When Race Crew selection for the 2007 World Solar Challenge (WSC) came around, I was selected to be part of Continuum’s Race Crew and help the Ops crew plan the logistical effort involved in moving our people and goods to, within, and from Australia. It was then that I talked more and more with 2005 Ops Director Maggie Hayes, who became a wonderful mentor throughout my time on Race Crew. As the logistics lead, I planned, a lot. While no amount of planning could have mentally prepared us for what happened on day one of the 2007 WSC when Continuum crashed, our team nonetheless remained focused. Continuum was up and running the next day thanks to our team’s steadfast work ethic, the willingness of well-placed strangers to lend a helping hand, and the support of friends and family who were literally following the race or doing so half way around the world.
During the two years I spent on Solar Car I learned a lot of things that you won’t find on my transcript. Like how to ask people for money, a skill I went on to use my senior year when I joined the board of and fundraised for the Latino Students Organization, doubling the previous year’s budget. I also learned how to get free stuff, a skill I used immediately after my time on the team to send a group of Michigan students to a conference in New York City. Those skills are all very useful and in one way, shape, or form I’ll continue to improve them throughout my life. However, the most important take-away are the teammates and mentors I met. One person is both, Chito Garcia has been an unwavering advocate for Michigan Solar Car teams for several decades, his experience as a mentor and dedication as a teammate made him one of our team’s greatest assets.

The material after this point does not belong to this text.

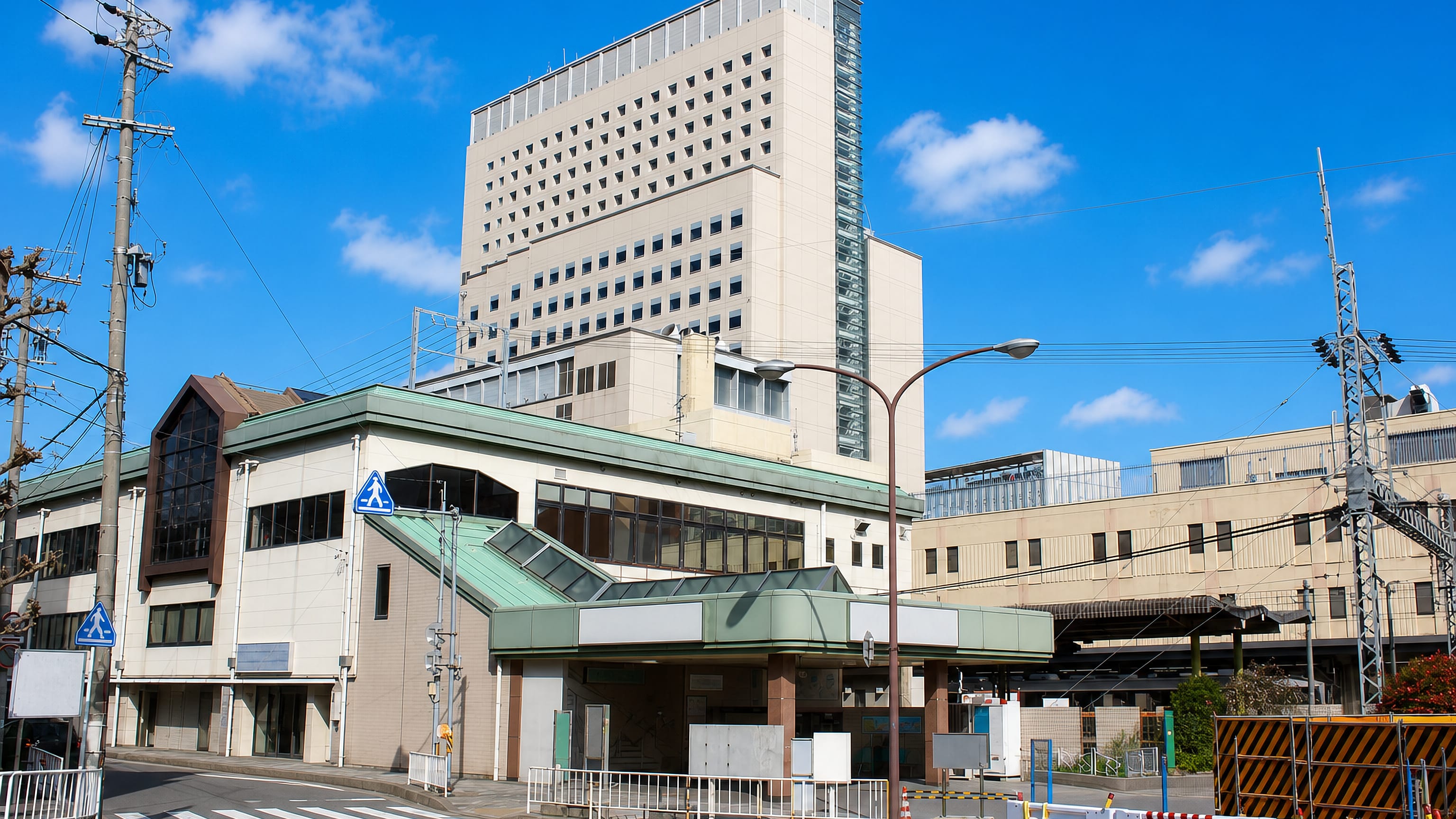 Station entrance and tall beige tower on a quiet street in Tsu, Mie Prefecture, under a clear sky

Racing is exciting and glamorous, but at the end of the day, my fondest memories involve long hours of cold-calling strangers in a small trailer located outside the Wilson Center, the drive to the workspace while playing imaginary instruments, and meetings at the overcrowded house on 5thand Madison. Although my Solar Car Team days are behind me, the friends I met on the team remain an important part of my life. From running marathons to globetrotting, I have had and will continue to have trusty old friends at my side who I met on solar car.
Michigan’s tradition of excellence is epitomized in the Solar Car Team, and still, it is common to get wrapped up in the challenges that face us throughout our time on the team. Each new team gains a generation of knowledge and experience, and it shows. My advice to the current team members and future teams is to question your predecessors, challenge their decisions, and improve on their work. Oh, and forever Go Blue!
After graduating from Michigan in 2009 with degrees in Political Science and Spanish I moved to Washington, DC for graduate school to study foreign affairs at Georgetown University. I currently work for the U.S. Department of State where I focus on public diplomacy initiatives for youth audiences around the world.